» **Directions for this task**: Please return only the lines from the one holding "Jon Flanagan of" through the one holding "Black zari weaving semi silk saree", exactly as they appear in the records below, both ends included.

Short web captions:
-=-=-

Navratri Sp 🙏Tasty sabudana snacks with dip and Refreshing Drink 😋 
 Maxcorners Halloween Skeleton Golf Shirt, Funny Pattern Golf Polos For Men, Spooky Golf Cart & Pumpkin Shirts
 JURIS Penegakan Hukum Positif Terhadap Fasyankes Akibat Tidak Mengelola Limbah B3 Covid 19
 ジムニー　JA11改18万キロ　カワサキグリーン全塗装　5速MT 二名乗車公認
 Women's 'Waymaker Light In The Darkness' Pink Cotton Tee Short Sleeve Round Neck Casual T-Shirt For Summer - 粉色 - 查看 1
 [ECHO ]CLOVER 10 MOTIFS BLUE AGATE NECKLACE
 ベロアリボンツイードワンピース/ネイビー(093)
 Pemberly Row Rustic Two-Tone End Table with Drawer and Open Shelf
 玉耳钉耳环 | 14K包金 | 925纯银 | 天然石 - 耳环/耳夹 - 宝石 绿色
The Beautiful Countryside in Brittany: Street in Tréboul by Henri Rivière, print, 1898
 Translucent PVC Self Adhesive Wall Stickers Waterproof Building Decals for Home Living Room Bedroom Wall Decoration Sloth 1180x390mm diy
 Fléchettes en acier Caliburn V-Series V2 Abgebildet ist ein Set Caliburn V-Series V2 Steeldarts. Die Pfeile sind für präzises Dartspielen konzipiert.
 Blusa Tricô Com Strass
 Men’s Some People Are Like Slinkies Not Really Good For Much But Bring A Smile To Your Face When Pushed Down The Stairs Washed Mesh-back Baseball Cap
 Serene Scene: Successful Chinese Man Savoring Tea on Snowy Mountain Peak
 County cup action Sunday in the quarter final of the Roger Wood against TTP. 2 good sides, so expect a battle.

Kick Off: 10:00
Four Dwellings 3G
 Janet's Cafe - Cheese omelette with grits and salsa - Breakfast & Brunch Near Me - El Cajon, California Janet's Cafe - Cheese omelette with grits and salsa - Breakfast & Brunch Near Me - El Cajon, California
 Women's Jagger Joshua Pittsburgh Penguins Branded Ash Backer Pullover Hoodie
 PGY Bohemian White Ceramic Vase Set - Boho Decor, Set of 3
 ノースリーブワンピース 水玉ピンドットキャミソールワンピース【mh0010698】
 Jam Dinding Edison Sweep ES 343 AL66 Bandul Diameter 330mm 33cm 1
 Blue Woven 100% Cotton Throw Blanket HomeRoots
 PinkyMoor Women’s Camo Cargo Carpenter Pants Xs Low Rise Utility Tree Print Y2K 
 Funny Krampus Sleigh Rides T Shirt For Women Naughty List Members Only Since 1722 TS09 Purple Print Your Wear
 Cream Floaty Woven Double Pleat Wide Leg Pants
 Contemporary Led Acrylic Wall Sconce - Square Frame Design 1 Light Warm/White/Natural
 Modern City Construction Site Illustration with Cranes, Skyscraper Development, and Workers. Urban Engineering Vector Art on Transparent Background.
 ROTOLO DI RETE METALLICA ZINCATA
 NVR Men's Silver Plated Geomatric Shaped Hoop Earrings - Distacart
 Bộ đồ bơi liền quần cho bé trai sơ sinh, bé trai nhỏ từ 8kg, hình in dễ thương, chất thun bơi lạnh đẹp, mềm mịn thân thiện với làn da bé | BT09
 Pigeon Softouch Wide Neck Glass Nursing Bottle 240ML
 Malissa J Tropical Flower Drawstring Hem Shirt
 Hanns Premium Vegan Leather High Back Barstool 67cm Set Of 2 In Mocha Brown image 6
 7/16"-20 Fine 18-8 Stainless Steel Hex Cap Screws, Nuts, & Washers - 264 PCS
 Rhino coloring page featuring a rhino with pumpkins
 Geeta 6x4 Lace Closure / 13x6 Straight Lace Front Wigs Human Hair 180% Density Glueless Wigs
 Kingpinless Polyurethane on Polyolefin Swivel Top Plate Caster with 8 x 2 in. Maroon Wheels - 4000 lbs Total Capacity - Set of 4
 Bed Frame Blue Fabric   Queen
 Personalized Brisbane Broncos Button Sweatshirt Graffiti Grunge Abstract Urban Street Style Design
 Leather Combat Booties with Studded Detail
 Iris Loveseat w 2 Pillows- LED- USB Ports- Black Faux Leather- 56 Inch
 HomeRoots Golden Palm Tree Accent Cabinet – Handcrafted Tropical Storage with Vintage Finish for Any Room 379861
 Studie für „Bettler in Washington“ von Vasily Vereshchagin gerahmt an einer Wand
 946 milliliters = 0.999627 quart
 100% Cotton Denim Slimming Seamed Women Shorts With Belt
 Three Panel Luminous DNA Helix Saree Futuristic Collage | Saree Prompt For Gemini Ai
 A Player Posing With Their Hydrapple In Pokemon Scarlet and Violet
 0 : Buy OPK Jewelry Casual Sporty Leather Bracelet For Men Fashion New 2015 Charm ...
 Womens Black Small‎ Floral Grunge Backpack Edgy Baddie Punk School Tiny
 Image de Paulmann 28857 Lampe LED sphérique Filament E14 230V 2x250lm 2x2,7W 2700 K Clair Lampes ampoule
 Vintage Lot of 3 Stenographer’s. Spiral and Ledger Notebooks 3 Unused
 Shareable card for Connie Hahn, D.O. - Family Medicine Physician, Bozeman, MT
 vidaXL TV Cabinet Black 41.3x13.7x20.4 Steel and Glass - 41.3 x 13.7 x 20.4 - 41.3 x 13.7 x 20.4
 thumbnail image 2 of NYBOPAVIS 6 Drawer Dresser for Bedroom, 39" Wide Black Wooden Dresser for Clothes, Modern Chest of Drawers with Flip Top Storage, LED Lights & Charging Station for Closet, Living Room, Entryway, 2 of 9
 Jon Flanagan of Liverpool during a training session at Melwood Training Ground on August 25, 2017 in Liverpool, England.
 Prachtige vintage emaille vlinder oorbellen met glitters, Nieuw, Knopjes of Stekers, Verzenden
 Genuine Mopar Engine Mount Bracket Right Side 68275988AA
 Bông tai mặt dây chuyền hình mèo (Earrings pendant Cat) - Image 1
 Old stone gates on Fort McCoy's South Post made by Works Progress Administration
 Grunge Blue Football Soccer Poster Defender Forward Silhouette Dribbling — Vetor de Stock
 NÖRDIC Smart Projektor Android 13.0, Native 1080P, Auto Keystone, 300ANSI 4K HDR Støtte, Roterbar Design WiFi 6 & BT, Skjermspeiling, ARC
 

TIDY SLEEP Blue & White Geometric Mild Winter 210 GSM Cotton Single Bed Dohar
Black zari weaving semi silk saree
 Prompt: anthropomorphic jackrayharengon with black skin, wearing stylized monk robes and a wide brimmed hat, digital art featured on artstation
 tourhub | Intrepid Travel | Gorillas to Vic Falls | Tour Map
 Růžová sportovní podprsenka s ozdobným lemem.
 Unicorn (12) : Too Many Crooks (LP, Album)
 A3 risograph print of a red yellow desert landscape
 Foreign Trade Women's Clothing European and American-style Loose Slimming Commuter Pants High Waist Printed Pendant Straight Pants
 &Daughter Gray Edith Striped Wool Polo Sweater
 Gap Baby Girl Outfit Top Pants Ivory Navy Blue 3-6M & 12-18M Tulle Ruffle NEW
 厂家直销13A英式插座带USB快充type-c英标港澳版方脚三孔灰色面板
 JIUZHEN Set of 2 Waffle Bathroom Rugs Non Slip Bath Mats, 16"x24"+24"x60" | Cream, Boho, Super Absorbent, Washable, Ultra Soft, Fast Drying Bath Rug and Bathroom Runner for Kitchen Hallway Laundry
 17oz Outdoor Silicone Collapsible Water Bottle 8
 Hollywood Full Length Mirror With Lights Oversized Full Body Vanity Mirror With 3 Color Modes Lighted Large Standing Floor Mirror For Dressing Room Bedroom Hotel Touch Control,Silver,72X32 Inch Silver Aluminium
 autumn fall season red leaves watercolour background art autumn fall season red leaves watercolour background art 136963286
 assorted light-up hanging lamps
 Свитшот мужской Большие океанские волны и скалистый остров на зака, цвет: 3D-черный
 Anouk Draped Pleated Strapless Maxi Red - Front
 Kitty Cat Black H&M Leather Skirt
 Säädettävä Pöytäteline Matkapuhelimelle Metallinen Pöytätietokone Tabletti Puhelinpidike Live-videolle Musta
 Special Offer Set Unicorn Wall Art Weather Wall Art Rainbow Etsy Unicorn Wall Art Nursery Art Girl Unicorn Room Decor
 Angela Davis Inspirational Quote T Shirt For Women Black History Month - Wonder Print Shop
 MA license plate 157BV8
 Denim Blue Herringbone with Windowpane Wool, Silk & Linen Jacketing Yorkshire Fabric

-=-=-

» **Solution**:
 Jon Flanagan of Liverpool during a training session at Melwood Training Ground on August 25, 2017 in Liverpool, England.
 Prachtige vintage emaille vlinder oorbellen met glitters, Nieuw, Knopjes of Stekers, Verzenden
 Genuine Mopar Engine Mount Bracket Right Side 68275988AA
 Bông tai mặt dây chuyền hình mèo (Earrings pendant Cat) - Image 1
 Old stone gates on Fort McCoy's South Post made by Works Progress Administration
 Grunge Blue Football Soccer Poster Defender Forward Silhouette Dribbling — Vetor de Stock
 NÖRDIC Smart Projektor Android 13.0, Native 1080P, Auto Keystone, 300ANSI 4K HDR Støtte, Roterbar Design WiFi 6 & BT, Skjermspeiling, ARC
 

TIDY SLEEP Blue & White Geometric Mild Winter 210 GSM Cotton Single Bed Dohar
Black zari weaving semi silk saree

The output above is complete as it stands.